Banyuls, bien-sûr, bénéficia prioritairement de pareilles mesures, mais les difficultés techniques à vaincre étaient telles, pour la route, que le désenclavement routier y fut lent : en 1847 encore, on faisait remarquer au Conseil Général, qu’après tout Banyuls bénéficiait depuis toujours de cette voie royale qu’était la mer.

Pour l’avenir on était très conscient à la Préfecture et au Conseil Général de l’urgence qu’il y avait à matérialiser la frontière pour couper court aux litiges et aux tentations.

L’acte du 11 Juillet 1867 délimitant précisément la frontière va mettre fin à l’histoire aventureuse de Banyuls.

En réalité, la francisation de Banyuls n’alla pas sans sursaut ; une année seulement après les paroles triomphantes du préfet Vaïsse, à l’annonce de la révolution de 1848, Banyuls célébrait à sa manière l’événement en se soulevant presque unanimement contre l’administration des Douanes, qui, peu auparavant, lui avait accordé la franchise du sel et doublé les primes pour la pêche aux anchois. Tout était à recommencer : suppression du bureau des Douanes puis rétablissement, contre amende, que les Banyulencs contestèrent...
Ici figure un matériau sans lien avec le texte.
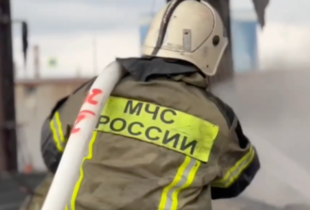 В рф спалахнула пожежа на нафтозаводі у Нижньокамську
Echec de la francisation ? Sûrement pas, c’était seulement la preuve qu’en matière d’action sur les hommes, il fallait d’abord “s’en remettre au bénéfice du temps, à la force de l’exemple”.

La contrebande tendit à s’atténuer et, pratiquement, à disparaître avec l’arrivée des moyens modernes de communication. Le chemin de fer inaugura ceux-ci en dépit des grands travaux que nécessita la traversées des Albères côtières. Peu après, Banyuls, ouvert en août 1875, il atteignait en 1878 le hameau de Cerbère, érigé en commune de plein exercice dix ans plus tard.

Une route digne de ce nom fut plus longue à venir. La nationale 114 ne parvint à Cerbère qu’en

1913 et à la frontière au col dels Balistres, seulement le 31 juillet 1928.

Entre temps, la reconnaissance nationale avait consacré, en 1893, l’obélisque promis cent ans auparavant par un décret de prairial an II à Banyuls, pour avoir “bien mérité de la patrie”.

Avec ces changements, c’est tout un pan de l’activité de Banyuls, fût-elle interlope, qui s’efface de l’actualité mais demeure dans la mémoire, en flattant sa légende.